Thousands of Americans have protested the acquittal of George Zimmerman on charges of killing unarmed black teenager Trayvon Martin. Barack Obama has called for "calm reflection" following the verdict.
Calling 17-year-old Trayvon Martin's death in February 2012 a tragedy, "not just for his family, or for any one community, but for America," Obama appealed for people to remain calm after a court in Sandford, Florida, found that Martin's killer was acting in self-defense.
"I know this case has elicited strong passions," Obama said in a statement. "And in the wake of the verdict, I know these passions may be running even higher."
Americans spontaneously marched in Philadelphia, Atlanta, Florida capital Tallahassee, and US capital Washington. In New York, several thousand marched to Times Square as police lay in wait for them to step out of line. Many in the multi-racial crowd brandished signs bearing a portrait of Martin, and, despite temperatures that have neared 40 degrees Celsius lately (about 100 degrees Fahrenheit), wore hooded sweatshirts similar to one the 17-year-old had on the night of his death.
Chants included "The people say guilty!" and "No justice, no peace!" One sign urged, "Jail racist killers, not black youth." Another declared: "We are all Trayvon. The whole damn system is guilty." At least one marcher wore a T-shirt proclaiming: "I'm black. Please don't shoot."
'Shoot first' laws
Zimmerman's supporters believe he killed Martin within the boundaries of Florida's "Stand Your Ground" law, which allows deadly force for self-defense. Many, though, consider the case a murder sparked by racism, believing that Zimmerman, a volunteer neighborhood watchman, initiated the confrontation.

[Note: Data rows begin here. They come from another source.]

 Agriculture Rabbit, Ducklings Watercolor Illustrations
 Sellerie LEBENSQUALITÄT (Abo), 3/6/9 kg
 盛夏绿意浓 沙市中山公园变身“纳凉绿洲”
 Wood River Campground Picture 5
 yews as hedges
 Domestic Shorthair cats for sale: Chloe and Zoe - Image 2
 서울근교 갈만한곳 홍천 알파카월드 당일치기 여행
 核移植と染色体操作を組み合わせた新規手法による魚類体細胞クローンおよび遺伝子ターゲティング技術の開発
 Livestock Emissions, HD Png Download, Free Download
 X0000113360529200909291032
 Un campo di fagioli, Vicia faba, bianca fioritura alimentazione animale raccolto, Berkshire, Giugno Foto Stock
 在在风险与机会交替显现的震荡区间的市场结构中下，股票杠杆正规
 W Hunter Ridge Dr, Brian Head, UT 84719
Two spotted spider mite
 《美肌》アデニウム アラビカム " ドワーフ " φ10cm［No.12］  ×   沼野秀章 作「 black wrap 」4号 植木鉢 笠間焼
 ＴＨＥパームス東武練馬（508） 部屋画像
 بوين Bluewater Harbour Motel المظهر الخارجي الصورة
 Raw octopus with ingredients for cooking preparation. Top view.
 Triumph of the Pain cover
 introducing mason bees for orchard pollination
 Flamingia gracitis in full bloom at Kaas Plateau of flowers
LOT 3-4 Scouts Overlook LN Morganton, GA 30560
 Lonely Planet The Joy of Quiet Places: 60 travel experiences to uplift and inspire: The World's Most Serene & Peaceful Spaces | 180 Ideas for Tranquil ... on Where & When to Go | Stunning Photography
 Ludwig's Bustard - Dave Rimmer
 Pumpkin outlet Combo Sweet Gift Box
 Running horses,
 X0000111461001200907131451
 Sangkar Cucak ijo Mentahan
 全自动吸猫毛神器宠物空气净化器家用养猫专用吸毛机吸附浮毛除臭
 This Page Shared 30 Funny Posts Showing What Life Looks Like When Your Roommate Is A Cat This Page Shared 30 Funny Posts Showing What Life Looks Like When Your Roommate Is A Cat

The jurors deliberated for 16 hours over two days before finding Zimmerman not guilty of second-degree murder and manslaughter, owing to the protection of "Stand Your Ground." As police had believed the unarmed teenager's was killing within the bounds of the law, Zimmerman, now 29, initially remained free for weeks after shooting the boy in February 2012.
"'Shoot first' laws like those in Florida can inspire dangerous vigilantism and protect those who act recklessly with guns," said New York Mayor Michael Bloomberg, who has spearheaded weapons-control legislation unpopular in states such as the one where the teenager was killed. "The tragic death of Trayvon Martin, an unarmed child attempting to walk home from the store, will continue to drive our efforts," Bloomberg added.
After the verdict, Trayvon's parents, Tracy Martin and Sybrina Fulton, who did not sit in the courtroom while the jury announced the fate of their son's killer, responded quickly on Twitter.
"Lord during my darkest hour I lean on you," wrote Fulton, the boy's mother. "You are all that I have. At the end of the day, GOD is still in control ... I will love you forever Trayvon!!!"
Although the defendant was cleared, the US Justice Department has announced that it will look into Martin's death to determine whether federal prosecutors will file criminal civil rights charges against Zimmerman. He may also face civil lawsuits from Martin's family.
In a statement released on Sunday, the Justice Department announced that it would determine whether "the evidence reveals a prosecutable violation of any of the limited federal criminal civil rights statutes within our jurisdiction."